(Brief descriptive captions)
--------------------------------------------------

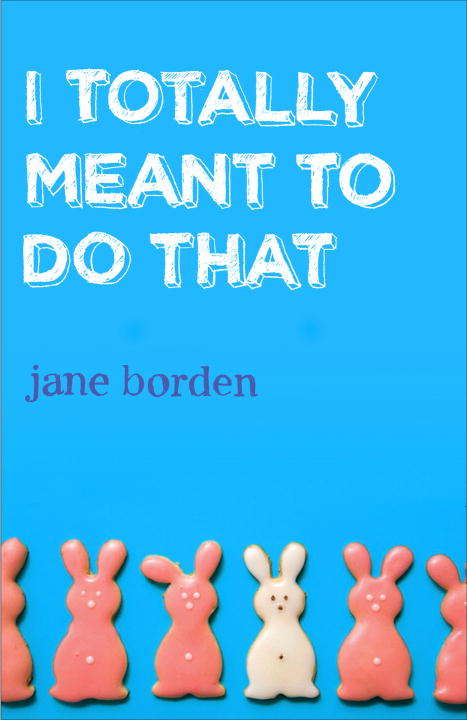 Book cover of I Totally Meant to Do That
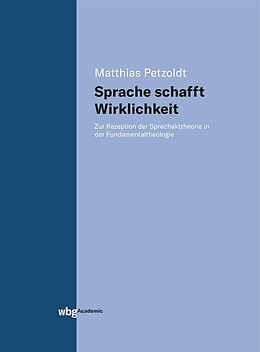 E-Book (pdf) Sprache schafft Wirklichkeit von Matthias Petzoldt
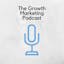 The Growth Marketing Podcast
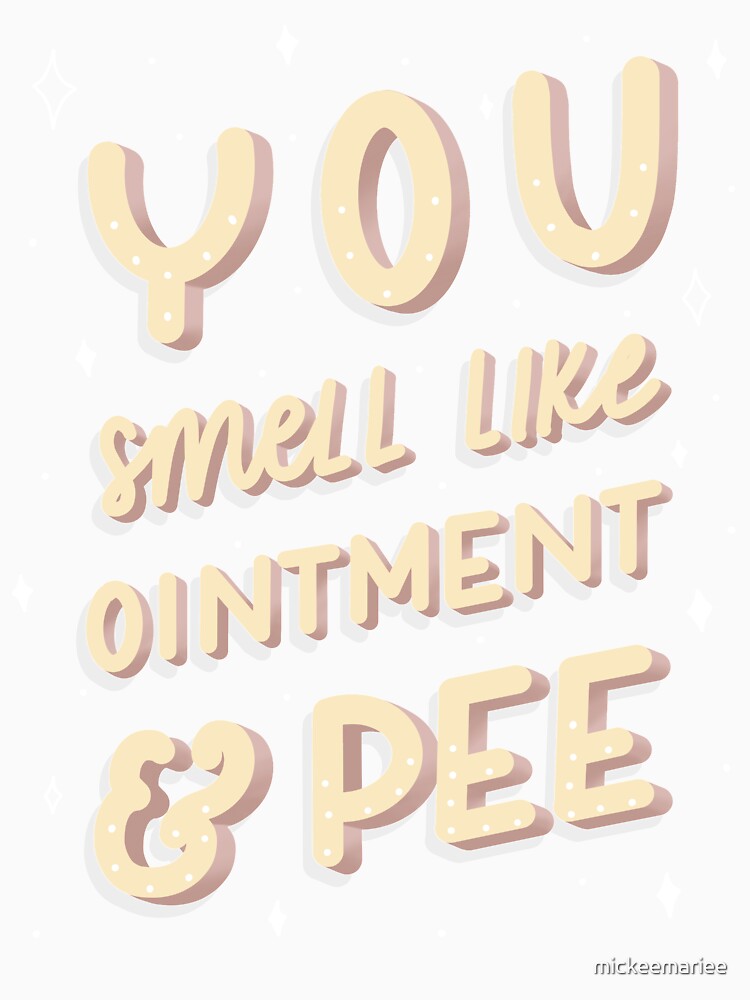 "You Smell Like Ointment & Pee" Tshirt by mickeemariee Redbubble
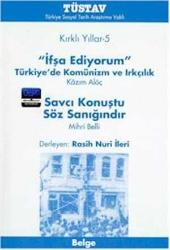 Kırklı Yıllar - 5 'İfşa Ediyorum' Türkiye'de Komünizm ve Irkçılık. Savcı Konuştu Söz Sanığındır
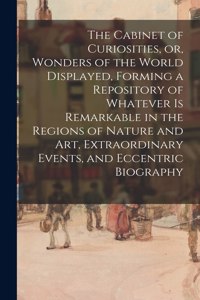 Cabinet of Curiosities, or, Wonders of the World Displayed, Forming a Repository of Whatever is Remarkable in the Regions of Nature and Art, Extraordinary Events, and Eccentric Biography
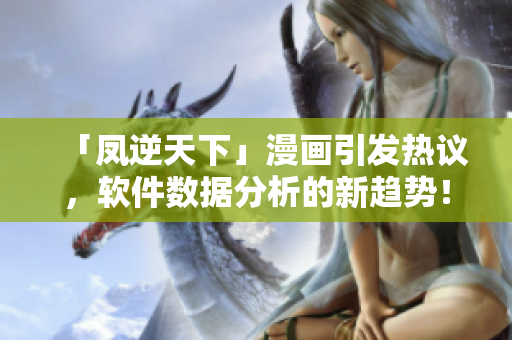 「凤逆天下」漫画引发热议，软件数据分析的新趋势！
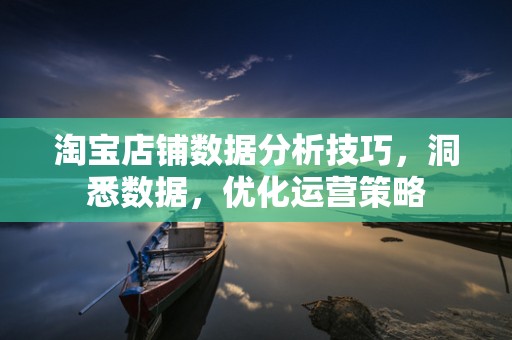 淘宝店铺数据分析技巧，洞悉数据，优化运营策略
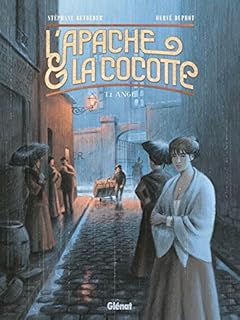 jaquette livre L'Apache & la Cocotte - Tome 01: Ange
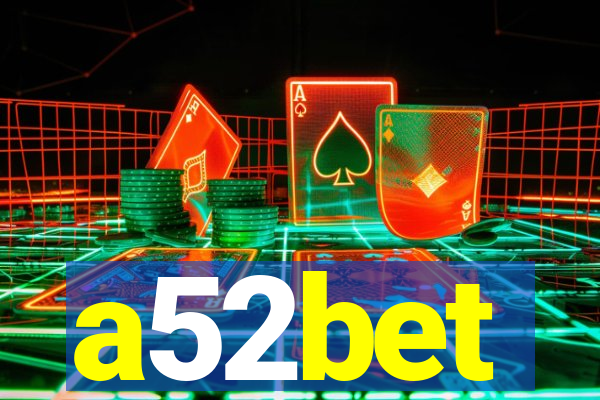 a52bet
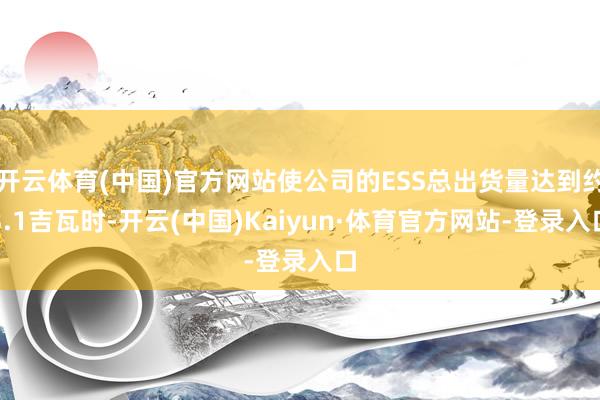 开云体育(中国)官方网站使公司的ESS总出货量达到约3.1吉瓦时-开云(中国)Kaiyun·体育官方网站-登录入口
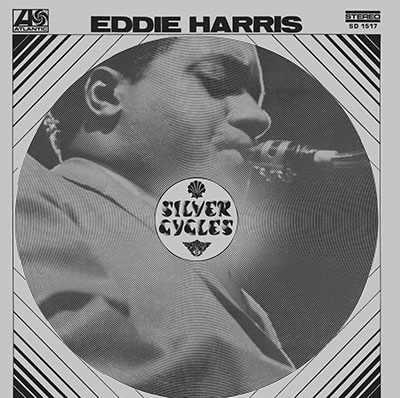 Silver Cycles : Eddie Harris | HMV&BOOKS online - WPCR-27474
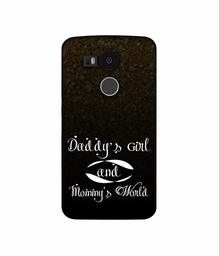 Amazon Brand - Solimo Designer Daddy's Girl and Mummy World 3D Printed Hard Back Case Mobile Cover for LG Nexus 5X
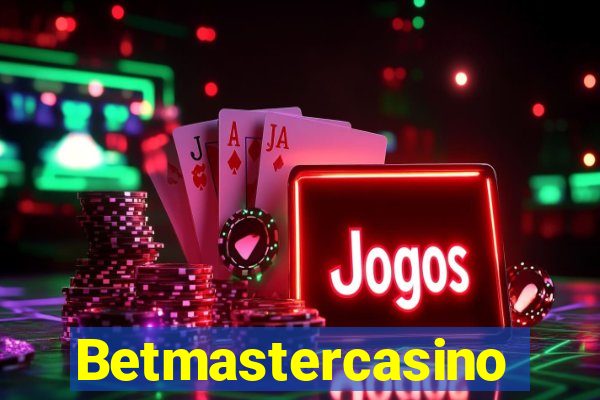 Betmastercasino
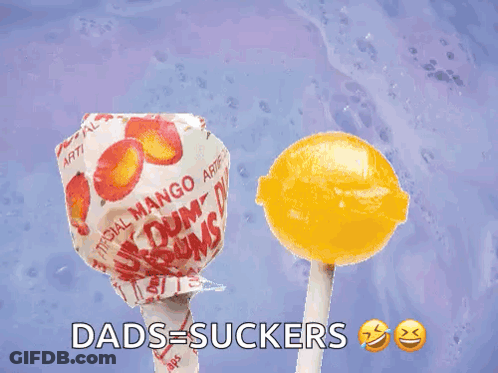 Lollipop Saying Dads-Suckers GIF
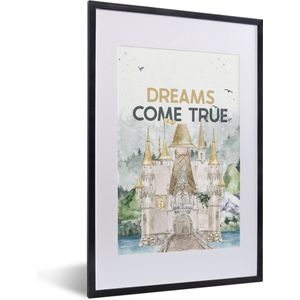 Fotolijst incl. Poster - Spreuken - Dreams come true - Quotes - Kinderen - Kids - Baby - 40x60 cm - Posterlijst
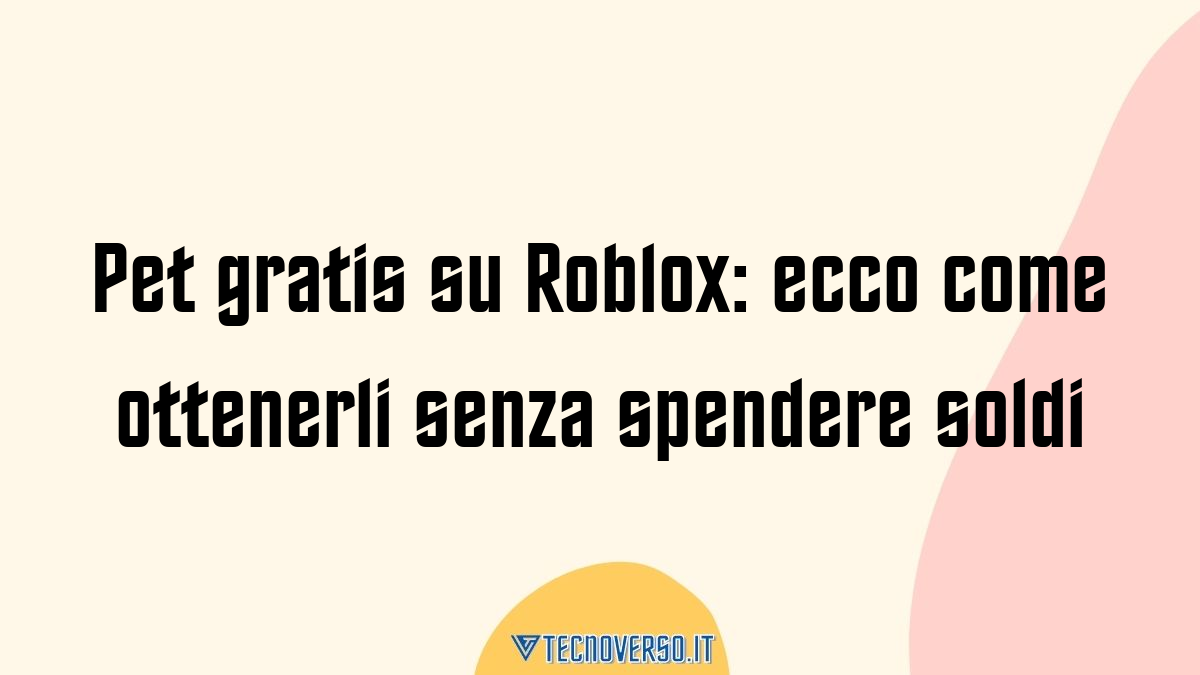 Pet gratis su Roblox ecco come ottenerli senza spendere soldi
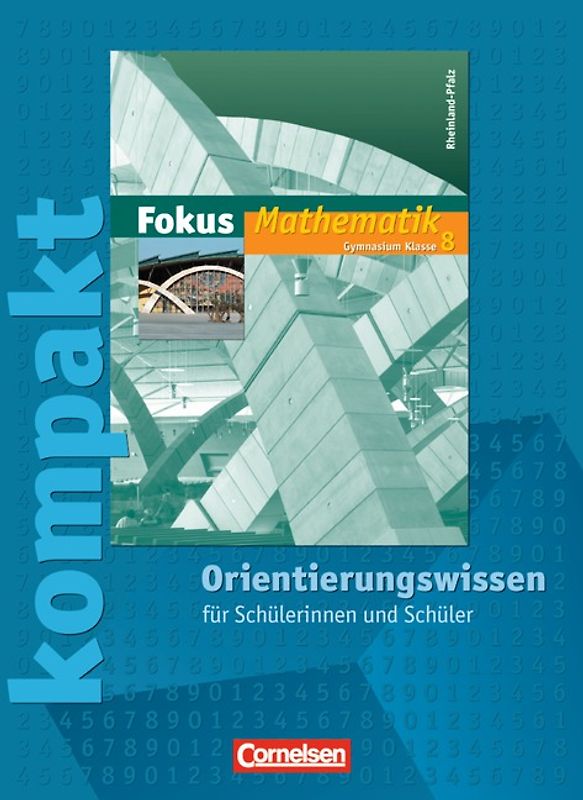 Fokus Mathematik - Rheinland-Pfalz - Bisherige Ausgabe / 8. Schuljahr - Fokus kompakt - Orientierungswissen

--------------------------------------------------

• WORK REQUIRED
Copy exactly the lines from the line that has "Pet gratis su" through the last line of the entries above, inclusive, and no others. Pictures do not go in the copy.

• SOLVED PROBLEM
 Pet gratis su Roblox ecco come ottenerli senza spendere soldi
 Fokus Mathematik - Rheinland-Pfalz - Bisherige Ausgabe / 8. Schuljahr - Fokus kompakt - Orientierungswissen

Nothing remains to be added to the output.